Case report: A 21-year-old female patient was admitted to the Hospital with nausea and fatigue appeared immediately after a verbal and physical aggression. She reported a story of pediatric long QT and a family medical history of long QT syndrome. The electrocardiogram (ECG) recorded negative T waves from V1 to V4. The blood sample analysis revealed a slight rise in TNI (peak 0,7 ng/ml, range of normality 0 – 0.034). The patient was transferred to the Intensive Cardiac Care Unit, where a Transtoracic Echocardiogram (TTE) showed moderate systolic dysfunction with a left ventricular ejection fraction (LVEF) of 45%, hypercontractility of the apical segments and mid-basal segments akinesia associated with moderate functional mitral regurgitation. Global longitudinal strain was abnormally low at −22% and was mainly impaired in the basal segments. A cardiac magnetic resonance imaging (MRI) showed native T1 and T2 increased in relation to edema of the basal segments, confirming the diagnosis of Reverse Takotsubo.  We observed a prolonged corrected QT interval at 499 ms and a mild hypokalemia, which was corrected.
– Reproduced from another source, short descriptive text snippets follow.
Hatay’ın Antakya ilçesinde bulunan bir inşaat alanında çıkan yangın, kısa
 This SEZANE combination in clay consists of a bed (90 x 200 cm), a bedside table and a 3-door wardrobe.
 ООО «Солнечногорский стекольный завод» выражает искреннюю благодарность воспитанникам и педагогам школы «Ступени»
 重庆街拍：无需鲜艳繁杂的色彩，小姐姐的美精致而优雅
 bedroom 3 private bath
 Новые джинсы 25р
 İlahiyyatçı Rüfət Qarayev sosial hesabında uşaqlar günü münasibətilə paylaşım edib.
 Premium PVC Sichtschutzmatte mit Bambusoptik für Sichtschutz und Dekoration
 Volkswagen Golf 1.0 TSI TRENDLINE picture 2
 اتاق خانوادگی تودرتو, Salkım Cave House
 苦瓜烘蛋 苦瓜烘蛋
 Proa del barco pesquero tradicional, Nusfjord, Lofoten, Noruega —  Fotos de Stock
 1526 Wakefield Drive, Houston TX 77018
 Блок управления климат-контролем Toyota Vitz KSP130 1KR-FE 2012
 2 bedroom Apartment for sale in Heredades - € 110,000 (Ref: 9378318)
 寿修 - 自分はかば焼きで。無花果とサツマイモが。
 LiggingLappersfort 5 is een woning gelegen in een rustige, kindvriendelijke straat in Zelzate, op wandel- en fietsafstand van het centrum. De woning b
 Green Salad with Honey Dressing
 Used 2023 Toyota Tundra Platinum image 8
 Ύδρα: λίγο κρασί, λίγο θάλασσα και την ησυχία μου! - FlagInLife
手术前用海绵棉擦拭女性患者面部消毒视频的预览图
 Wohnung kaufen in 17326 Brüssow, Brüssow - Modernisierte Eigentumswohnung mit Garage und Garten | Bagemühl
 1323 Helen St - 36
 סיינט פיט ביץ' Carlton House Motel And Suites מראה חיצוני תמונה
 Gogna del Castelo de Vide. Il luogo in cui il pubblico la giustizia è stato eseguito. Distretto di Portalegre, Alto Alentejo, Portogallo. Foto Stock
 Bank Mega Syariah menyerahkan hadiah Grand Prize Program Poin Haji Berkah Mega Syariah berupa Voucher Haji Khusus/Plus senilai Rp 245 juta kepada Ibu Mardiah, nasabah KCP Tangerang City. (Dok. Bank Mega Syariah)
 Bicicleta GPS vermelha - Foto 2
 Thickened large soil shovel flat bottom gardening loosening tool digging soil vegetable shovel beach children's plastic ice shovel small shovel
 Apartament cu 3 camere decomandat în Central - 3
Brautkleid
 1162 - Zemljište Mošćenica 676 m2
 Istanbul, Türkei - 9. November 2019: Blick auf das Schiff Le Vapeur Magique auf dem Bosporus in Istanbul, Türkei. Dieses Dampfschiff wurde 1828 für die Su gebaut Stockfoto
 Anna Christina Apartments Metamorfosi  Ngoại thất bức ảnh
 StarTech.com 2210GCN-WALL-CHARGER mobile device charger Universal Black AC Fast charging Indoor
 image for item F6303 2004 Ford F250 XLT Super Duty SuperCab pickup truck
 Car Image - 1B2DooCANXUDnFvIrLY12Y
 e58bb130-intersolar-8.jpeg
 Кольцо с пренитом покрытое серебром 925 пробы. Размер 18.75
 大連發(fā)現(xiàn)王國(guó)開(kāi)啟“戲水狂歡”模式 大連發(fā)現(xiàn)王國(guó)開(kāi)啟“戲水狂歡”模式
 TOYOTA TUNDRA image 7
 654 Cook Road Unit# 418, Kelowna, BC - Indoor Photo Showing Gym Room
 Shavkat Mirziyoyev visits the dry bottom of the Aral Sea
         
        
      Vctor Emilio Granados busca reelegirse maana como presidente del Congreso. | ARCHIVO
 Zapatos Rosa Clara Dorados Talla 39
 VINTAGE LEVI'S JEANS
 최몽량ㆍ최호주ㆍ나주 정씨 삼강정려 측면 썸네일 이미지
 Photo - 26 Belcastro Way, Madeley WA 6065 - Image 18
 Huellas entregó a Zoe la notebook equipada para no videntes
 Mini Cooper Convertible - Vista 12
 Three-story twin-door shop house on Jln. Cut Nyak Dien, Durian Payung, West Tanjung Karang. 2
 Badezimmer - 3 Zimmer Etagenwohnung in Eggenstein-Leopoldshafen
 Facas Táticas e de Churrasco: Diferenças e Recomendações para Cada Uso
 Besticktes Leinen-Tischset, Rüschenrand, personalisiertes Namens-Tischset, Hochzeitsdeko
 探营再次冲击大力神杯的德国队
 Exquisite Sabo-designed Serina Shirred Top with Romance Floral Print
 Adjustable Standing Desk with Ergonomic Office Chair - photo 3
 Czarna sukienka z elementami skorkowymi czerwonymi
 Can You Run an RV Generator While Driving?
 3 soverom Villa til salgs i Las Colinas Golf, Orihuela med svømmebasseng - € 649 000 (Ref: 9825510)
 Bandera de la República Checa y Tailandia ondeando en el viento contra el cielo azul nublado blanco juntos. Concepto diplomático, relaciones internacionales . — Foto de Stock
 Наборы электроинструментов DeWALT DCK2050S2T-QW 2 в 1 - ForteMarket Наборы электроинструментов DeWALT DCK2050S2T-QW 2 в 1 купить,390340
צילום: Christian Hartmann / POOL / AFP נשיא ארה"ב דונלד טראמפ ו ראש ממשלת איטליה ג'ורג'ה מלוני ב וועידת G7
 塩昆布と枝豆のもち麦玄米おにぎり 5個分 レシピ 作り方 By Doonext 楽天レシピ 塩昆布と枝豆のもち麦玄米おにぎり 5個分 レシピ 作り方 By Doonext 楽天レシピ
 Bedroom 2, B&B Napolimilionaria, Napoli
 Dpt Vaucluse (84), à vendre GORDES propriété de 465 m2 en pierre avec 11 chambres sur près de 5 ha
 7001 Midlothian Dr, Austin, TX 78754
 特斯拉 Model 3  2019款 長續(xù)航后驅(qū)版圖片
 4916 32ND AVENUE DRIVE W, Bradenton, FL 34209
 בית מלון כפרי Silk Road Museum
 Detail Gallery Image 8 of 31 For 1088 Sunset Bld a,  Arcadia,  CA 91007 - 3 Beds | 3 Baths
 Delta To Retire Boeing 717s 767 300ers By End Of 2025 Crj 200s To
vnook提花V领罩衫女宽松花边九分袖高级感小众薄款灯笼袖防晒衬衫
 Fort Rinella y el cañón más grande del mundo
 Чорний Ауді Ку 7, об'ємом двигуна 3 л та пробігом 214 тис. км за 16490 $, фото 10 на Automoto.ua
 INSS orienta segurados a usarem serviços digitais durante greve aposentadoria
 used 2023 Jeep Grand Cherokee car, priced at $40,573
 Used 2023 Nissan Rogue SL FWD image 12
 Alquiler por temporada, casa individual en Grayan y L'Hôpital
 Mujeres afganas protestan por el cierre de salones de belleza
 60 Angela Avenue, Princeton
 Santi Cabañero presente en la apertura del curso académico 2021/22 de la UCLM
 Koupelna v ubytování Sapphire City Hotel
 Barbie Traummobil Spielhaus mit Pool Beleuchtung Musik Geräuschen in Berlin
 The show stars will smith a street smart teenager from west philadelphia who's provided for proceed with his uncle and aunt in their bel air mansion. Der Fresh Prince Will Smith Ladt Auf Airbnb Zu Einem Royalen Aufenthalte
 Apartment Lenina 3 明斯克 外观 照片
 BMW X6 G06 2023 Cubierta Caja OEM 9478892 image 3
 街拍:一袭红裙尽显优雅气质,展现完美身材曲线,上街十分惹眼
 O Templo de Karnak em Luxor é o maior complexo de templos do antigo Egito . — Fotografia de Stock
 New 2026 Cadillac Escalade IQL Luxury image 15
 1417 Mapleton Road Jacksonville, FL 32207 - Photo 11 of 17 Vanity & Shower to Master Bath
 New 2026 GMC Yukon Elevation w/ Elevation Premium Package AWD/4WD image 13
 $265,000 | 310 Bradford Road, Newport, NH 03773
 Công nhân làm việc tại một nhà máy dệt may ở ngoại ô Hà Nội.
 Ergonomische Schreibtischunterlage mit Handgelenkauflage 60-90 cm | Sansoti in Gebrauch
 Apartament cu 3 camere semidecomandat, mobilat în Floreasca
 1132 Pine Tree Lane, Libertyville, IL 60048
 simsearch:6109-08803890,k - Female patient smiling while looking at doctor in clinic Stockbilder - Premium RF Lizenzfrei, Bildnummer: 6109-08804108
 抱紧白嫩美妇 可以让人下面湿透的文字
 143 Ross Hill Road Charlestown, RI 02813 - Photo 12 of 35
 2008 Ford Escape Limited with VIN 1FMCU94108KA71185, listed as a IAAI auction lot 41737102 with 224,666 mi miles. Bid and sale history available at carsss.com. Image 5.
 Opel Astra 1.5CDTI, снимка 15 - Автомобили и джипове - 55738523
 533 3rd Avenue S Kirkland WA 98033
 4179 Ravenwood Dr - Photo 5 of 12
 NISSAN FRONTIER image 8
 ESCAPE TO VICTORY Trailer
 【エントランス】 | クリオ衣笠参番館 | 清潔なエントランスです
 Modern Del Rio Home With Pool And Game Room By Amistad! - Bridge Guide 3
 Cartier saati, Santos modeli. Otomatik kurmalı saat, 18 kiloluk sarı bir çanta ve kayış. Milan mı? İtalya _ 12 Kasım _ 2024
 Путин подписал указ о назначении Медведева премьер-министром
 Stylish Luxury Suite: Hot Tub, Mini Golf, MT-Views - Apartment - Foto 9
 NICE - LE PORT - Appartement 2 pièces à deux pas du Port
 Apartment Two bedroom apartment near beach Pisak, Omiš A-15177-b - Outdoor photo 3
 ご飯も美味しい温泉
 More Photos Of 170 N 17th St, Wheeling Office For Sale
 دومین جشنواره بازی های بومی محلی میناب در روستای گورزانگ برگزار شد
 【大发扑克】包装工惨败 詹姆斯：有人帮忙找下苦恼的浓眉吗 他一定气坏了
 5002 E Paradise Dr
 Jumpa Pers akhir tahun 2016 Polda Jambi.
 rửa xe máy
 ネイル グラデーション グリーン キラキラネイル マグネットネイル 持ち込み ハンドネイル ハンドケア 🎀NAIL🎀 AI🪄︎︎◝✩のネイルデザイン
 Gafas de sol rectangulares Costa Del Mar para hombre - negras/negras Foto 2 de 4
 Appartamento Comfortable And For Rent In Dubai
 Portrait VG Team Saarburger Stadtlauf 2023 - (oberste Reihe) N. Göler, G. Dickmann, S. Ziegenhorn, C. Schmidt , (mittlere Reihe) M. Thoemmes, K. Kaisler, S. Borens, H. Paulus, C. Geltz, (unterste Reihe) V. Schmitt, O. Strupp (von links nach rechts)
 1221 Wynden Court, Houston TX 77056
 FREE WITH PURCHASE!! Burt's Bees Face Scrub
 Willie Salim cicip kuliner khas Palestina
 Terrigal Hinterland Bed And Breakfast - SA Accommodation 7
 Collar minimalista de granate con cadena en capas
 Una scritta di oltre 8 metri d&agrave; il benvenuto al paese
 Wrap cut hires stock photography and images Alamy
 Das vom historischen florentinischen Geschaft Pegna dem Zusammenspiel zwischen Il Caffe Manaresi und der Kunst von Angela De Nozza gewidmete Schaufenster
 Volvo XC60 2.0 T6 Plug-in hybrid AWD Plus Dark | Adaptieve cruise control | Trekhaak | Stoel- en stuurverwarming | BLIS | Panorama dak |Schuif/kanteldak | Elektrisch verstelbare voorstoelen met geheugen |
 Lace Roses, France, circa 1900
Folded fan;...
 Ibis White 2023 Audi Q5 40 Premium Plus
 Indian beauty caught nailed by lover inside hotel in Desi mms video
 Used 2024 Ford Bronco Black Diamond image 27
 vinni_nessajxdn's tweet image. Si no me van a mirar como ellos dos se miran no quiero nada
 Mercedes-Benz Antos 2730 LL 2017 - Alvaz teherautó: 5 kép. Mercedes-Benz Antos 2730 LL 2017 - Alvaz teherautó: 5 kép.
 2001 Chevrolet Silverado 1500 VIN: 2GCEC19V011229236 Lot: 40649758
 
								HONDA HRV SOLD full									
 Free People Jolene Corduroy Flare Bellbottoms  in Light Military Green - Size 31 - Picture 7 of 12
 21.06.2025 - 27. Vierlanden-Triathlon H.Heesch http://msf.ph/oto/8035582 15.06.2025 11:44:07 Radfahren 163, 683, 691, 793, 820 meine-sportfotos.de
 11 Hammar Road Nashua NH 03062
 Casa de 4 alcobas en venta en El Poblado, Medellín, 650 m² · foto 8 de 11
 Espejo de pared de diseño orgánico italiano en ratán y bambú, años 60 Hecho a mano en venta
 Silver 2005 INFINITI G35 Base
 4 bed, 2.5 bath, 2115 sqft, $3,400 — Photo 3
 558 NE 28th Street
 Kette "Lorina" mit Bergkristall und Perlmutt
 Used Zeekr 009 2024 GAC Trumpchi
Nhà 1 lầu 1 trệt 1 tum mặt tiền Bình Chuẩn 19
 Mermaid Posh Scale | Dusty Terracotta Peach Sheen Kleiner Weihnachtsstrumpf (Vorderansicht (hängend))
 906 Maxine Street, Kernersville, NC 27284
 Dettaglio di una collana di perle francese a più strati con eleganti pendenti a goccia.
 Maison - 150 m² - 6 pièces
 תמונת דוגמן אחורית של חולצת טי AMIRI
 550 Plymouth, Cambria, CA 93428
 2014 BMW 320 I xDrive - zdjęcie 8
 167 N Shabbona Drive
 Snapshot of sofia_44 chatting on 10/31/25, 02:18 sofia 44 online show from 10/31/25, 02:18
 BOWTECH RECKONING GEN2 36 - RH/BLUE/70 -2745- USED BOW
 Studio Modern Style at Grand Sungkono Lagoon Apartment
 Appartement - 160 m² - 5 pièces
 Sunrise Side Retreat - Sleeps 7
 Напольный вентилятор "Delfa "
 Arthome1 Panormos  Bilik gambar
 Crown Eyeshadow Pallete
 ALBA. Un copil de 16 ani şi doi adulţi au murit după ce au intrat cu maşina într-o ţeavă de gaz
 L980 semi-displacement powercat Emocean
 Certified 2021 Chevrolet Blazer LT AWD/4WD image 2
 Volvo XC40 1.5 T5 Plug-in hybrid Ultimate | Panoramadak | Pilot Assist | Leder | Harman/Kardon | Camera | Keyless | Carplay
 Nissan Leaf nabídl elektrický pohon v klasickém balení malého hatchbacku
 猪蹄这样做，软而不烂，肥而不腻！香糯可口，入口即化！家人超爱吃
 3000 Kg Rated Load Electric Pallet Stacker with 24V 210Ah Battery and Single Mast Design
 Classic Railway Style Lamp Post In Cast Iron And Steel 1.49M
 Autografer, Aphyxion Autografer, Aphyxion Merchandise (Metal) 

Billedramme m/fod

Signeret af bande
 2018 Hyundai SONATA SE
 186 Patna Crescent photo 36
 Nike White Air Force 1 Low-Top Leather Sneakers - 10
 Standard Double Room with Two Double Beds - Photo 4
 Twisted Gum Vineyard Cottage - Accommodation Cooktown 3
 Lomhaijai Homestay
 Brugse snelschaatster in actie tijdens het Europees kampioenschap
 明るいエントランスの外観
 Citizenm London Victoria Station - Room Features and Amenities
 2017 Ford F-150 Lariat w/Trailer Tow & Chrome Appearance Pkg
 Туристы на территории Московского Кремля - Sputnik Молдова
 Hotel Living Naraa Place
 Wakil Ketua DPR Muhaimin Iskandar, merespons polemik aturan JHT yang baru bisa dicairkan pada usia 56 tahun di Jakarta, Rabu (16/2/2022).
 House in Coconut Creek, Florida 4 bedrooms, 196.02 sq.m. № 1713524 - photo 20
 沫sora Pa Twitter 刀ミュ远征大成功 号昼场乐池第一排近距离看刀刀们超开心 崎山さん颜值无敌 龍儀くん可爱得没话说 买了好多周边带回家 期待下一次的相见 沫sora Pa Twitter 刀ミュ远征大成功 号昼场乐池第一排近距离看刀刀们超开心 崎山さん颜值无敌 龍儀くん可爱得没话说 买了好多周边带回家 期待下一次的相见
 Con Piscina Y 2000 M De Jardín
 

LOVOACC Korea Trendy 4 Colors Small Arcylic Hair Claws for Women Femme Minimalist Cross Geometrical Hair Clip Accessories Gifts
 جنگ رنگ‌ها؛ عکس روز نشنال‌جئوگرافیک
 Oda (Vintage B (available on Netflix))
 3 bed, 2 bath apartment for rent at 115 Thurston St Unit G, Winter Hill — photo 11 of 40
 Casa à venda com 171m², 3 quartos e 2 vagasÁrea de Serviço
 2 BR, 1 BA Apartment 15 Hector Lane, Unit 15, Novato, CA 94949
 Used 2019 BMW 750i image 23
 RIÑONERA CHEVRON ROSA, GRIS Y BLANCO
During the rest of hospitalization no rhythm disorder was recorded, cardiac biomarker levels decreased and we observed the normalization of the T waves.  On the six day of the hospitalization, TTE revealed an improvement in basal wall contraction (LVEF 58%) and a reduction of mitral regurgitation. The patient left the hospital in good clinical condition with a scheduled follow-up visit. Take home message: Reverse Takotsubo syndrome (rTTS) is a variant of the Takotsubo syndrome (TTS) characterized by the basal akinesis/hypokinesis associated with apical hyperkinesis. The assocation between Congenital Long QT and TTS is rare and few cases are reported in the literature. The prevalent arrhythmic complication described was torsade de pointes. Diagnostic criteria of TTS include transient regional wall motion abnormalities, absence of angiographic evidence of obstructive coronary disease, presence of ECG abnormalities or troponin elevation and exclusion of pheochromocytoma or myocarditis. In this case the age of the patient, the topography of the wall motion abnormality and the MRI-results were not evocative of an ischemic process and we diagnosed a reverse TTS without using coronary angiography. Moreover, the echocardiographic follow-up of wall motion abnormalities, LVEF and strain pattern allowed us to confirm the rTTS by showing a full recovery.